40 minute fresh milled whole wheat hamburger buns
Grain, Side Dish • Bread
Serving size: 8 buns or 1 loaf
Prep time: 30 mins
Cook time: 10 mins
Ingredients
- 2 tablespoons active dry yeast
- 1 cup plus 2 tablespoons warm water about 110 degrees
- 1/4 cup sugar
- 1/3 cup vegetable oil
- 1 large egg beaten
- 1 teaspoon salt
- 1½ tsp sunflower lecithin (optional)
- 1 tbsp Vital wheat gluten (optional)
- ⅛ tsp vitamin C powder (optional)
- Grind 2 cups (435 g) hard white wheat berries
- For topping
- 1 egg yolk
- 1 TBSP water
- sesame seeds (optional)
- Corse Kosher salt (optional)
- Everything Bagel topping (optional)
Directions
- 1. Add yeast and warm water to a large bowl. Add oil and sugar; let stand for 5 minutes. After 5 minutes, mixture should be foamy. Add egg, salt, lecithin (optional) and vital wheat gluten (optional). Mix.
- 2. Slowly mix the flour with the liquids. Continue to add flour just until you have a soft dough that is mostly pulling away from the sides of the bowl. The dough will be tacky but not unworkable.

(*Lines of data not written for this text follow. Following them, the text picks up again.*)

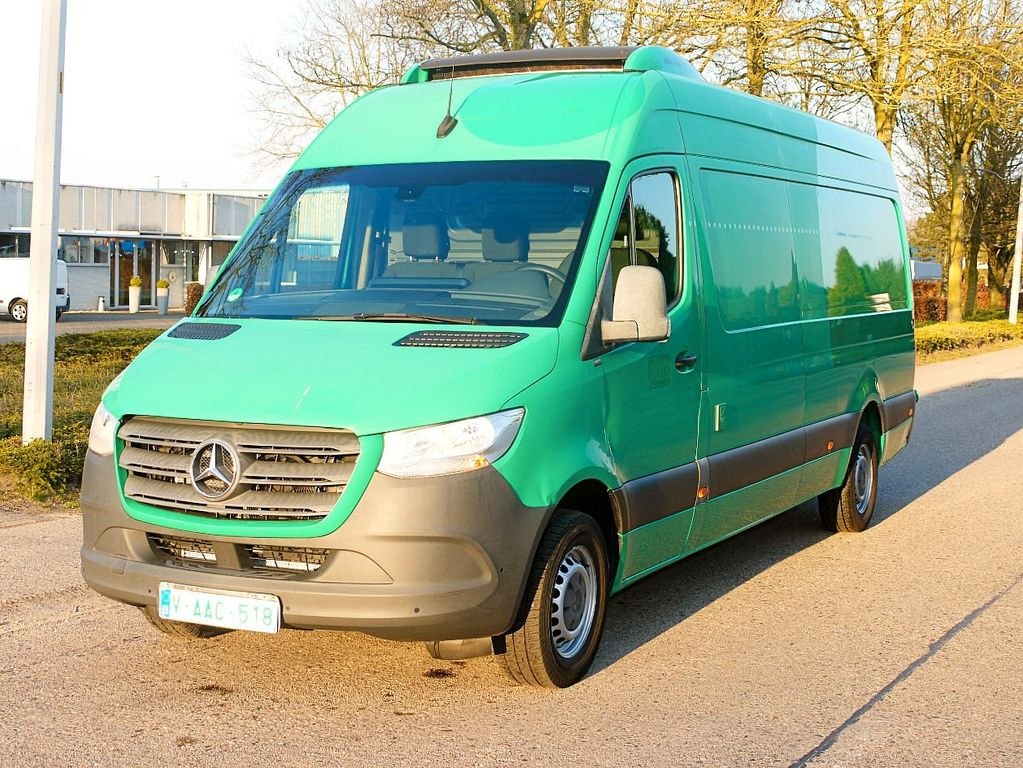 Mercedes-Benz 314 SPRINTER MAXI KUHLKASTGENWAGEN CARIER XARIOS - Фургон-рефрижератор: фото 1 Mercedes-Benz 314 SPRINTER MAXI KUHLKASTGENWAGEN CARIER XARIOS - Фургон-рефрижератор: фото 1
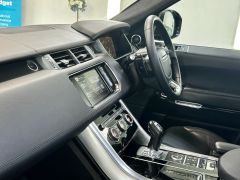 LAND ROVER RANGE ROVER SPORT SDV6 AUTOBIOGRAPHY DYNAMIC + SLIDDNG PAN ROOF + FINANCE ME + MARIANA BLACK +   - 2835 - 38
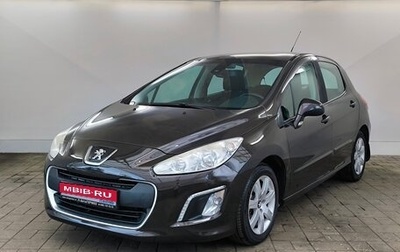 Peugeot 308 II, 2012 год, 379 000 рублей, 1 фотография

- 3. Using a dough hook, knead in a mixer for 3-5 minutes, until dough is smooth, elastic, and fully pulling away from the bottom of the bowl. (If you don't want to use a mixer, you can knead by hand on a lightly floured surface.) Do not let rise. Divide into 8 equal pieces; shape each into a ball, then smash flat so you don’t have a bun shaped like a meatball.
- 4. Preheat oven to 425 degrees. Place the dough balls on a greased or lined baking sheet. Cover with a kitchen towel and let rest for 10 minutes. After 10 minutes, brush the buns with an egg wash, then sprinkle with desired toppings. Bake until golden brown, 8-12 minutes.
- 5. Notes
- 6. Store buns in an airtight container for up to 2 days. Or, freeze for up to one month.